Kampala Capital City Authority Football Club (Abbreviated as KCCA FC) and also known as Kampala City, is a Ugandan professional football club based in Kampala, the largest city and capital of Uganda. Kampala City Council was rebranded to Kampala Capital City Authority and the club title has been changed accordingly.  Many sources and news reports still refer to the club's traditional title, Kampala City Council Football Club, abbreviated as KCC.

History
The club was founded on 12 April 1963 by Samuel Wamala, who was head of the Council's Sewage Works section in the City Engineering Department. The club initially was dominated by casual workers in the sewage section but subsequently expanded to cover all departments within Kampala City Council.

In 1965 KCC joined the Kampala and District Football League (KDFL) Third Division (which was split into two sections) and under the guidance of Bidandi Ssali (Head Coach) and Samuel Wamala (Chairman) the club soon progressed. After finishing in sixth place in their first season, in 1966 they gained promotion from the Third Division South after finishing in second place.

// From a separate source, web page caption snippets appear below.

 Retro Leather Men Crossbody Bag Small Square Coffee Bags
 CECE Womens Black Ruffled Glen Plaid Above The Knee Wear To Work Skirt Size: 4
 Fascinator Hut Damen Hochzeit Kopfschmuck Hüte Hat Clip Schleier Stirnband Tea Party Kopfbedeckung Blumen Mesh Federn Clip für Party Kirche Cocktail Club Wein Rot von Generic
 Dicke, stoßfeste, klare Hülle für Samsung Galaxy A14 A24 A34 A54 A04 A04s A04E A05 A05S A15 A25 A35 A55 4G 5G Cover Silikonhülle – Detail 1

By 1968 KCC were playing teams like Express FC, Army FC, KDS (Kampala District Bus Services), Railways, UEB and Nsambya in Division One of the KDFL but in 1971 they were relegated back to the Second Division. By this time the KDFL was being run concurrently with the National Football League and subsequently was scrapped to allow room to a wider national competition with several divisions. KCC became a member of the newly formed second division of the National League along with Nsambya and NIC.<that was the lead>

By 1974 KCC had gained promotion to the National League and finished in second position in both their first and second seasons in the top tier just one point behind champions Express FC on each occasion. The following season in 1976 KCC won their first championship title finishing one point ahead of Express. They also won the title in 1977 in a more emphatic manner although during this season Express were banned for allegedly being involving in anti-government activities.

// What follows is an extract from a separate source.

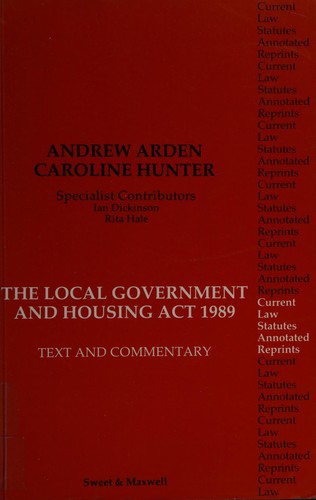 Cover for Local Government and Housing Act, 1989 (Current Law Statutes Annotated Reprints)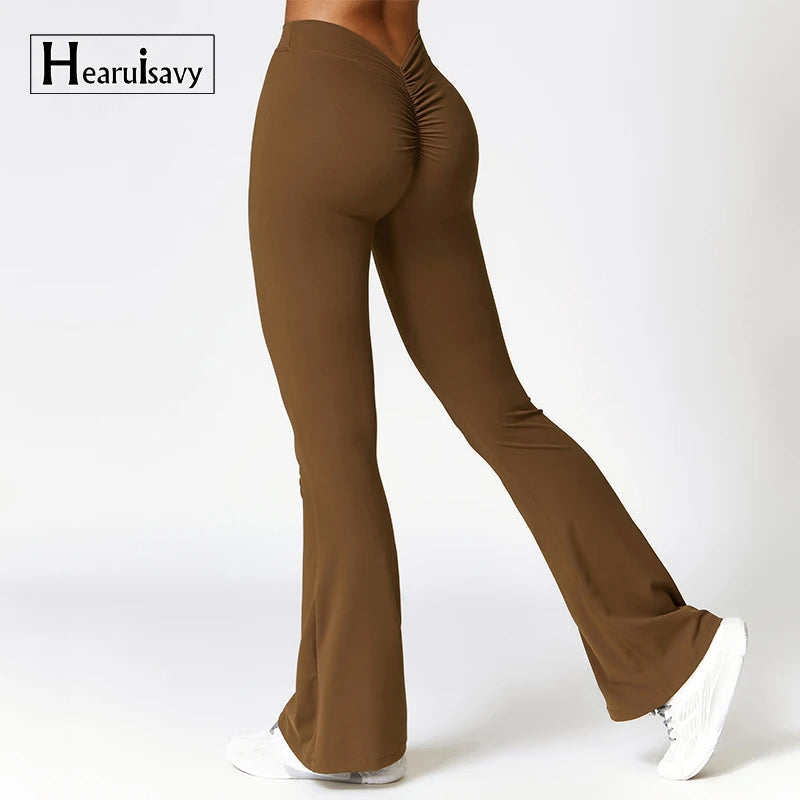 Sexy Sports Leggings Women V Back Scrunch Flares Leggings High Waist Yoga Flares Pants Push Up Gym Leggings Women Yoga Clothes ATFH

Simba FC (the Army side) finished as champions in 1978 with KCC taking second place but the Council side won the CECAFA Clubs Cup, the regional club championships in Kampala, becoming the first Ugandan side to take the regional title. The trophy was presented to the KCC skipper, Sam Musenze, by President Idi Amin. Players representing KCC included Phillip Omondi, Jimmy Kirunda, Jamil Kasirye, Hussein Matovu, Tom Lwanga, Sam Musenze, Yusuf Toyota, Peter Mazinga, Apolo Lumu, Billy Kizito, Hussein Matovu, Chris Dungu, Gerald Kabaireho, Ashe Muksa, Rashid Mudin, Moses Sentamu, Timothy Ayeieko, Angelo Dotte and Hassan Biruma, Peter Wandyette.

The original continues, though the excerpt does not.